__PROBLEM TO SOLVE__
Only the pictures should be left out; repeat the rest of the data exactly.

Caption-style text data:
———

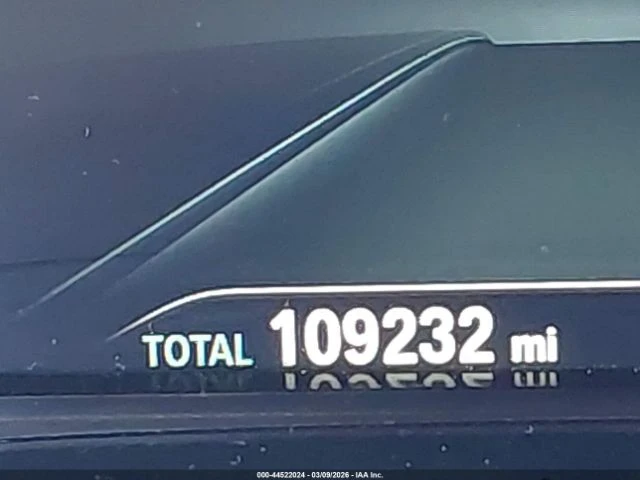 BMW 540 MPACK* KEYLESS* AMBIENT* HEADUP, снимка 8 - Автомобили и джипове - 53876520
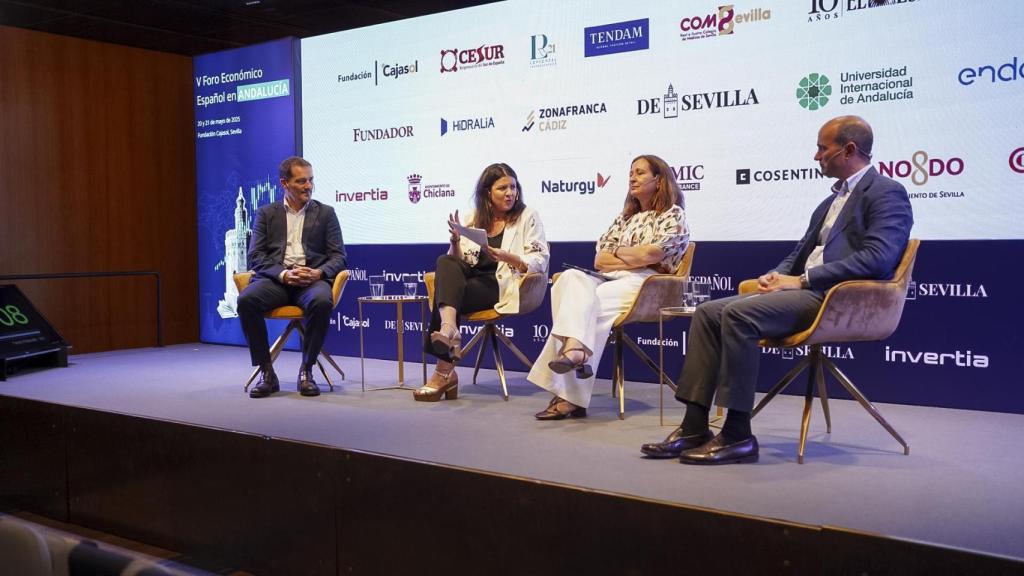 Participantes en la mesa sobre Inteligencia Artificial, este primer día del V Foro Económico Español en Andaalucía.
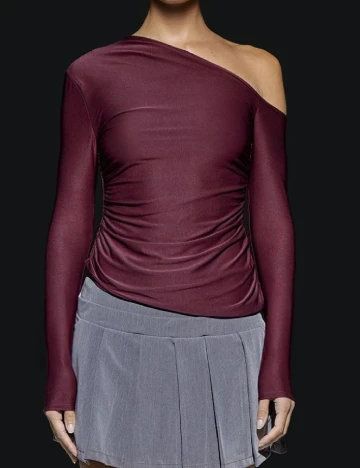 Bluza PRETTYLITTLETHING, pruna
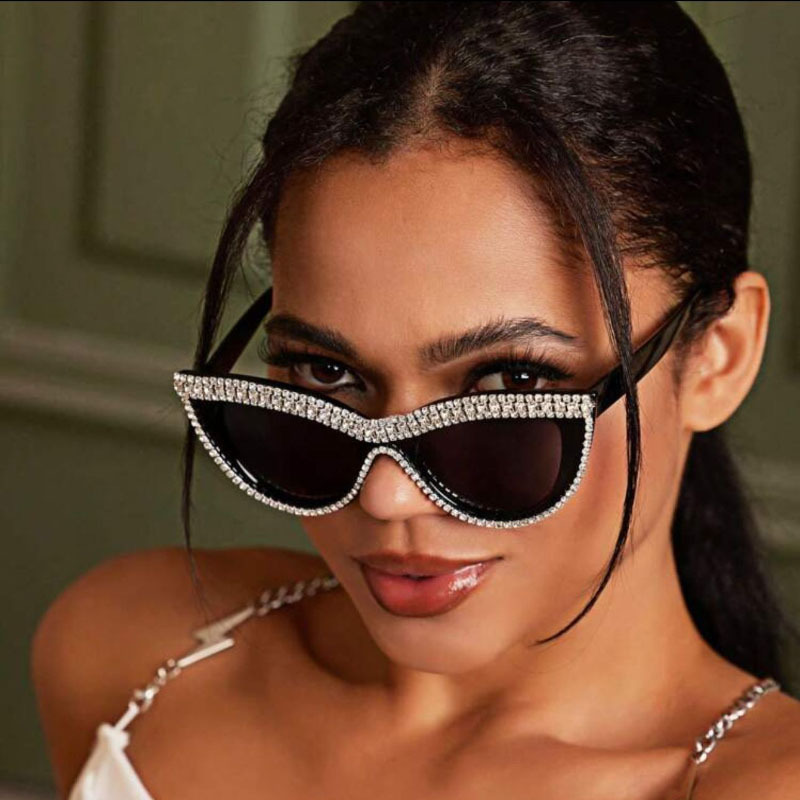 Wholesale Trendy retro street punk cross-border European and American sunshade sunglasses women's personalized diamond sunglasses hot-selling ins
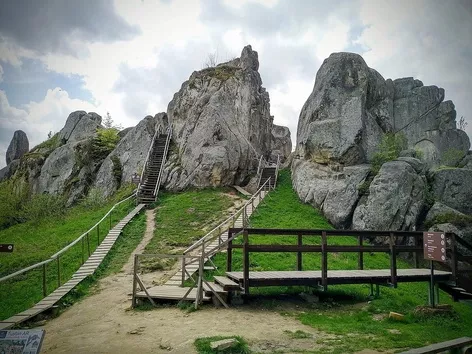 Tustan Fortress: a unique archaeological monument, administrative centre, customs office and defence facility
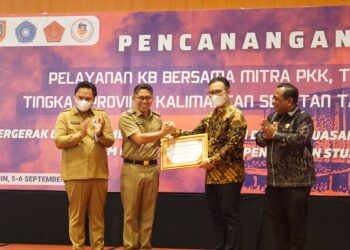 WABUP HSS TERIMA PENGHARGAAN KABUPATEN/KOTA TERBAIK 1 TINGKAT NASIONAL KELOMPOK TARGET PELAYANAN KB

———

__RESPONSE TO THE TASK__
 BMW 540 MPACK* KEYLESS* AMBIENT* HEADUP, снимка 8 - Автомобили и джипове - 53876520
 Participantes en la mesa sobre Inteligencia Artificial, este primer día del V Foro Económico Español en Andaalucía.
 Bluza PRETTYLITTLETHING, pruna
 Wholesale Trendy retro street punk cross-border European and American sunshade sunglasses women's personalized diamond sunglasses hot-selling ins
 Tustan Fortress: a unique archaeological monument, administrative centre, customs office and defence facility
 WABUP HSS TERIMA PENGHARGAAN KABUPATEN/KOTA TERBAIK 1 TINGKAT NASIONAL KELOMPOK TARGET PELAYANAN KB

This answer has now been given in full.